== Segment start ==

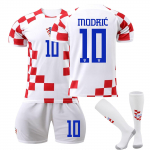 2223 Kroatijos namų mar&scaron;kinėliai Vaikų futbolo treniruočių kostiumų rinkinys 20 raudona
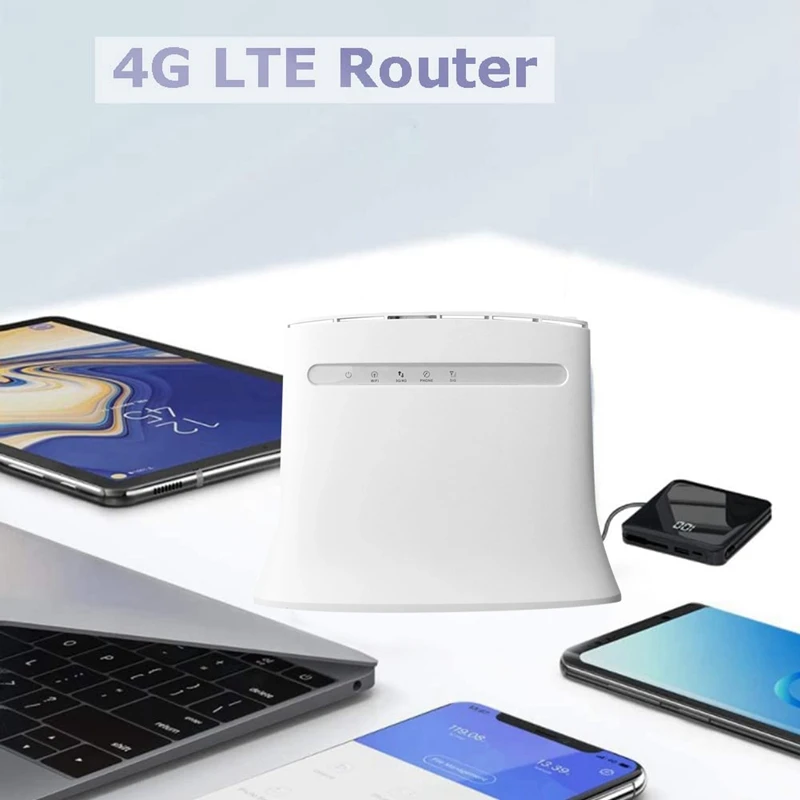 MF283U 4G LTE Wifi Usmerjevalnik Z RJ45 Omrežni Kabel+Reža za kartico SIM 300Mbps, Wifi Točka, Usmerjevalnik Wireless Gateway Router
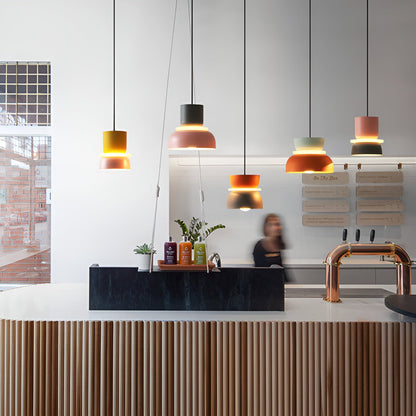 VividGlow Hanglamp – Macaron LED Designlamp van Metaal in Levendige Kleuren, Energiezuinig en Modern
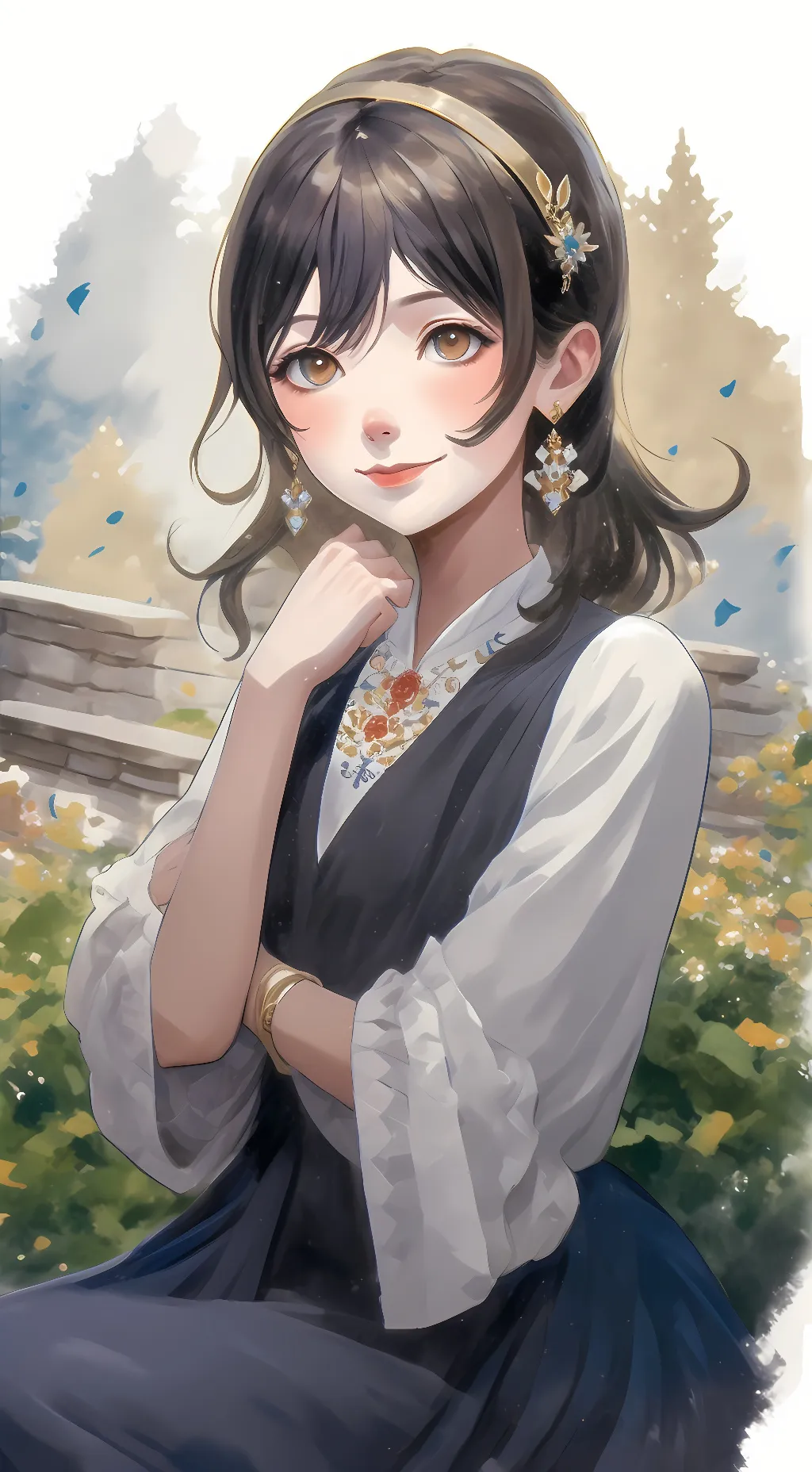 ai character: Sophia Owens background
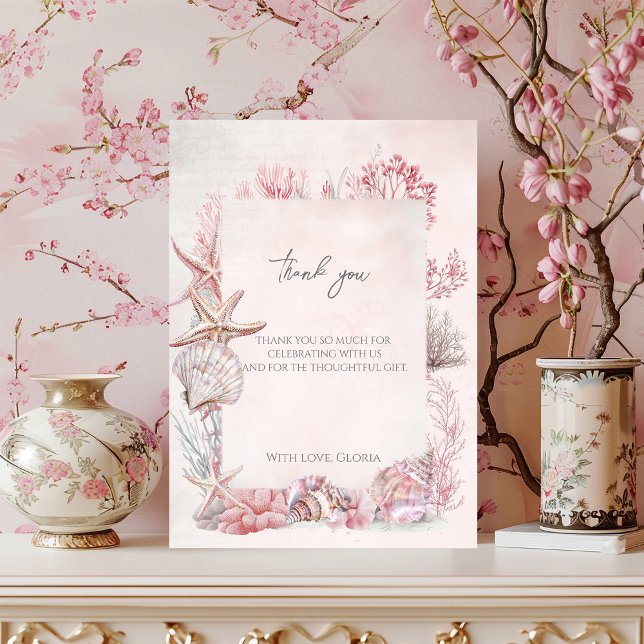 Dreamy under Sea Baby Shower Dankeskarte (Von Creator hochgeladen)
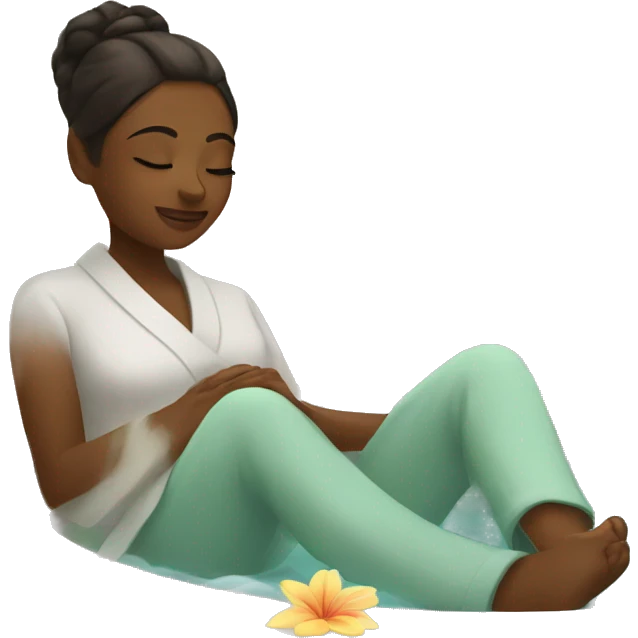 Spa relax selfcare emoji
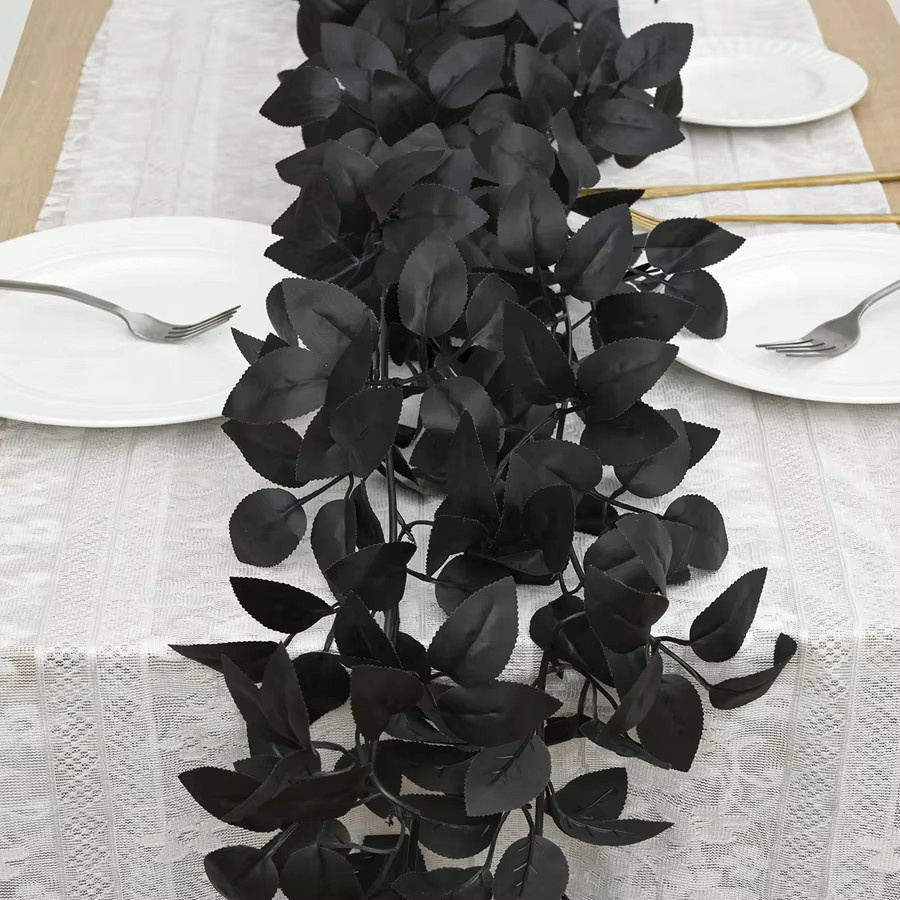 ZQCY Künstliche Pflanzen Ranken aus Rattan in Grün und Schwarz für deine Dekoration von Garten, Hochzeit oder Halloween - Bild 3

== Segment end ==

## ACTIVITY:
Give back, exactly and with nothing added, the lines from the line with "MF283U 4G LTE" through the final line of the data, both included; leave pictures out.

## YOUR SOLUTION:
 MF283U 4G LTE Wifi Usmerjevalnik Z RJ45 Omrežni Kabel+Reža za kartico SIM 300Mbps, Wifi Točka, Usmerjevalnik Wireless Gateway Router
 VividGlow Hanglamp – Macaron LED Designlamp van Metaal in Levendige Kleuren, Energiezuinig en Modern
 ai character: Sophia Owens background
 Dreamy under Sea Baby Shower Dankeskarte (Von Creator hochgeladen)
 Spa relax selfcare emoji
 ZQCY Künstliche Pflanzen Ranken aus Rattan in Grün und Schwarz für deine Dekoration von Garten, Hochzeit oder Halloween - Bild 3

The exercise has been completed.